Element Count	Heavy OOP (DIV, TR)	Functional (div, tr)	Light Functional (l_div, l_tr)
100 Elements	⚡ Instant (< 1ms)	⚡ Instant (< 0.5ms)	⚡ Instant (< 0.2ms)
10,000 Elements	🟡 Moderate (~50-100ms)	🟢 Fast (~15-30ms)	⚡ Ultra Fast (< 10ms)
150,000 Elements	❌ High RAM / Slow	🟡 High CPU	🟢 Safe (When Streamed)

The 150,000 Element Rule

If you attempt to render 150,000 DIV objects into memory at once and call .render(), your server will experience a massive RAM spike. Python objects take up memory.

To render at this massive scale, you must use Light Functional tags combined with .stream() (or return_list=True).

2. The "Chimera" Architecture (Best Practice)

You don't have to choose just one paradigm. The most performant Probo applications use a "Chimera" architecture: mixing Heavy OOP for the layout, and Light Functional for the heavy data.

Heavy OOP (DIV, BODY, NAV): Used for the page skeleton. You want the attr_manager and style_manager here so you can dynamically mutate the layout, change the theme, or inject auth tokens.
Light Functional(l_tr, l_td) and heavy func (tr, td): Used inside the Heavy OOP layout for massive data loops. These are evaluated instantly into string/list/deque, taking up almost zero memory.
also you can use light OOP (Ltr, Ltd) : Used inside the Heavy OOP layout for massive data loops. These are evaluated in lazy way into string/list/deque, taking up some zero memory.

🥇 Example: The Chimera Pattern


from probo import DIV, TABLE, THEAD, TBODY, TR, TH # Heavy OOP (Layout)
from probo.components.light_tags import l_tr, l_td # Light Functional (Data)

def massive_dashboard(user_preferences:UserPreferences, million_row_generator:Generator[str,Any,None]):

    # 1. THE SKELETON (Heavy OOP)
    # We use OOP here so we can mutate it based on user_preferences
    layout = DIV(Id="dashboard-container")

    if user_preferences.theme == "dark":
        layout.style_manager.background_color = "#111"
        layout.style_manager.color = "#eee"

    data_table = TABLE(
        THEAD(TR(TH("ID"), TH("Value"))),
        Class="data-grid"
    )

    # 2. THE MASSIVE DATA (Light Functional)
    # We use lowercase light tags inside a generator. No Python objects are stored!
    lazy_rows = (
        l_tr(l_td(str(row.id)), l_td(row.value)) 
        for row in million_row_generator
    )

    # 3. COMBINE THE CHIMERA
    # We attach the lightweight data stream into our heavy layout
    tbody = TBODY(lazy_rows)
    data_table.add(tbody)
    layout.add(data_table)

    # Return as a stream!
    return layout.stream(batch_size=100)

3. String Concatenation vs. Deques vs.

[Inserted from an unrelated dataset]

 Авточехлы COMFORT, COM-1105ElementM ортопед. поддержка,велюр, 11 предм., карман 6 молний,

Lists

When using Functional tags (div()), the default behavior is to concatenate the strings immediately

In Python, string concatenation is highly optimized, but doing it 150,000 times in a deep loop can cause memory fragmentation.

To squeeze out the maximum possible performance, use Probo's list/deque return arguments. This tells Probo to append strings to an array instead of concatenating them, which is significantly faster in Python.

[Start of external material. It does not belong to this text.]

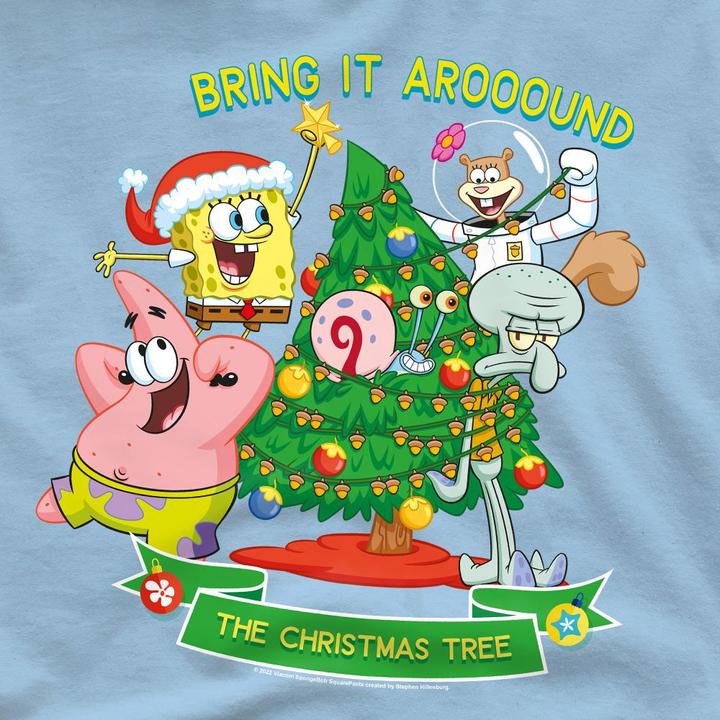 Immagine prodotto Spongebob Squarepants Aroooound The Christmas Tree Maglietta Patrick Star (Patrick Stella) Uomo (XL)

Optimizing Functional Tags

from probo import div, ul, li

def ultra_fast_list(items):
    # return_list=True prevents immediate string concatenation inside the loop
    list_items = [
        li(item.name, return_list=True) for item in items
    ]

    # The parent 'ul' tag then joins the list all at once (C-level optimization)
    return ul(*list_items)

For absolute bleeding-edge performance on massive datasets, you can use return_deque=True. collections.deque has $O(1)$ append performance in Python, making it the fastest possible way to build a massive UI tree before rendering.

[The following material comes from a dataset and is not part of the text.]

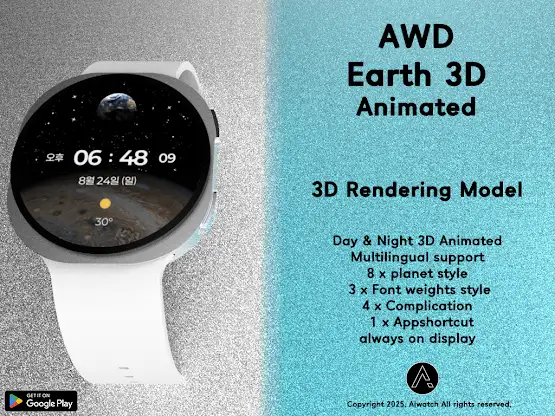 AWD Earth 3D Animated screenshot 1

4. Summary: How to Optimize

For Layouts: Use Heavy OOP (DIV, SECTION). The memory overhead is negligible for 50-100 elements, and the mutation APIs are incredibly powerful.
For Data (100 - 5,000 items): Use Functional tags (div, tr).
For Massive Data (10,000+ items): Use Light Functional tags (l_div, l_tr) combined with return_list=True or Python Generators.
For Network delivery: Always use .stream() for anything over a few thousand elements to ensure an instant Time-to-First-Byte (TTFB).

Template Parsing: Only use ProboTemplateParser for static files. Do not run a massive 10,000-row HTML string through the parser; parsing strings back into Python objects is the most expensive operation in the framework.